Une danse traditionnelle lors de la rencontre du 6 juillet 2021 entre le premier ministre du Canada, Justin Trudeau, le premier ministre de la Saskatchewan, Scott Moe, et le chef de la Première Nation Cowessess, Cadmus Delorme.

Photo : CBC / Matthew Howard

La Presse canadienne

Sous le soleil de fin de journée, des danseurs d'un bout à l'autre du Canada et des États-Unis ont envahi le site du pow-wow de la Nation sioux d'Alexis Nakota, dans le centre de l'Alberta.

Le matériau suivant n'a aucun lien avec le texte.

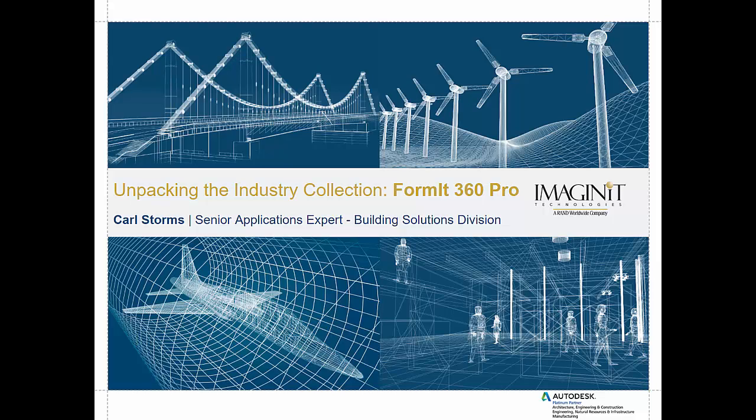Hello and welcome to Unpacking the Industry Collection Format 360 Pro. My name is Karl Storms, Senior Applications Expert, Building Solutions Division, Imaginate Technologies. Today we're going to take a look at some of the features that are now included in the industry collection, and the one we're going to focus on today is Format 360 Pro. So let's go ahead and get started.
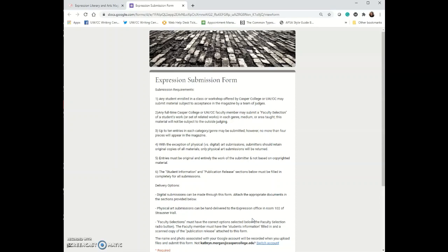Things that are submitted after February don't get removed from our database. They just are considered for the next issue. So it would be for 2022.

Il s'agissait d'une première en deux ans.

Les danseurs dans leurs tenues cérémonielles, constituées de robes à grelots, plumes d'aigles, châles colorés et jupes à rubans, se sont avancés en sautillant au rythme du tambour pour traverser l'ensemble du site des festivités.

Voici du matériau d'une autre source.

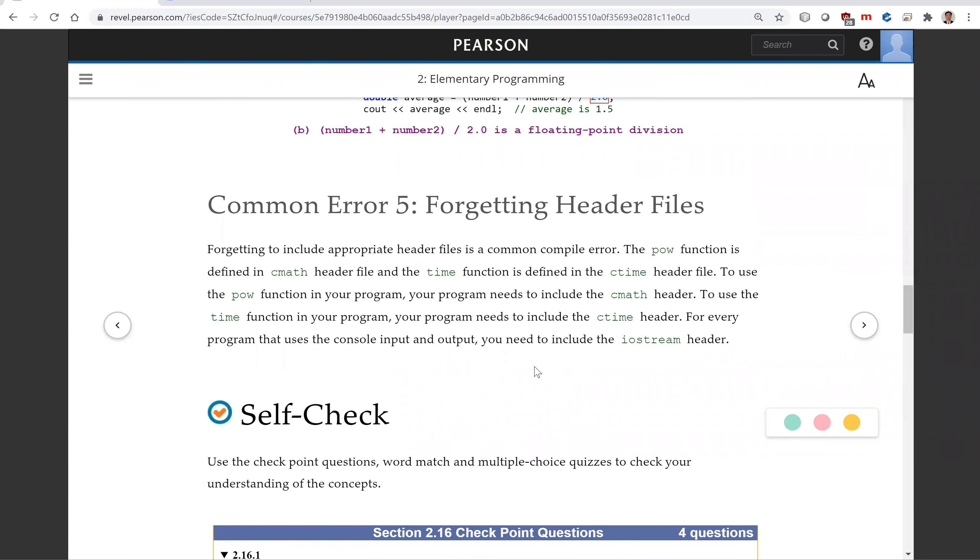Another common error is forgetting header files. So we're using this time function to get the time. So you need to include cmath in the header file.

Tout le monde voulait juste revenir au pow-wow pour se remonter le moral, a laissé tomber la présidente du comité organisateur, Patricia Alexis, en parlant de l'événement de trois jours tenu plus tôt ce mois-ci.

L'automne dernier, les organisateurs avaient annoncé qu'il y aurait un pow-wow, mais que sa formule allait dépendre des consignes sanitaires en vigueur au moment de sa tenue.

La communauté a pris la décision d'aller de l'avant avec un programme complet dès que l'Alberta a annoncé la fin des restrictions liées à la COVID-19 le jour de la fête du Canada.

Le pow-wow s'est ouvert dès le lendemain, le 2 juillet, et a pris fin le 4 juillet. Le thème de l'événement portait sur la célébration de la beauté et de la culture des Peuples autochtones.

C'était probablement l'un de nos plus grands pow-wow, estime Mme Alexis. On avait près de 700 danseurs.

En plus des participants, environ 2000 visiteurs sont passés sur le site au cours du week-end, soit près du double de la moyenne observée avant la pandémie.

Les prières étaient particulièrement puissantes cette fin de semaine, a commenté l'organisatrice.

Les pow-wow sont des lieux de rassemblement, où l'on se recueille et l'on peut progresser dans son processus de guérison. Sans ces événements, prévient Mme Alexis, la santé mentale des gens peut être affectée. D'autant plus que la pandémie a renforcé l'isolement de beaucoup de gens.

Les gens se sont ennuyés de pouvoir se rassembler. Ils se sont ennuyés du tambour. Ils se sont ennuyés de voir leur famille et leurs amis.
Patricia Alexis, présidente du comité organisateur du pow-wow d'Alexis Nakota

D'un bout à l'autre du pays

Au fil de l'assouplissement des restrictions un peu partout au pays, de nombreuses Premières Nations en ont profité pour relancer la saison des pow-wow.

La Nation crie de Peepeekisis, dans le sud de la Saskatchewan, se prépare pour un week-end festif à compter de vendredi.

La communauté prévoyait au départ une seule journée de célébration réservée à la communauté, mais s'est ravisée pour offrir un programme complet.

Dans le sud-ouest du Manitoba, la Première Nation de Waywayseecappo accueille à bras ouverts le retour de son pow-wow annuel. Une fête qui arrive au moment où la communauté a grand besoin de réconfort. Le thème de l'événement portera sur la guérison, alors que l'on souhaite honorer les survivants des pensionnats et la mémoire des enfants qui n'ont jamais pu rentrer à la maison.

Les récentes découvertes de centaines de sépultures anonymes que l'on croit être celles d'enfants décédés dans les pensionnats pour Autochtones ont renforcé le besoin de tenir des pow-wow alors que les survivants cherchent du réconfort dans leur processus de guérison.

Au Québec, quelques pow-wow ont déjà eu lieu depuis le début du mois et une dizaine d'autres sont prévus jusqu'en septembre dans diverses régions.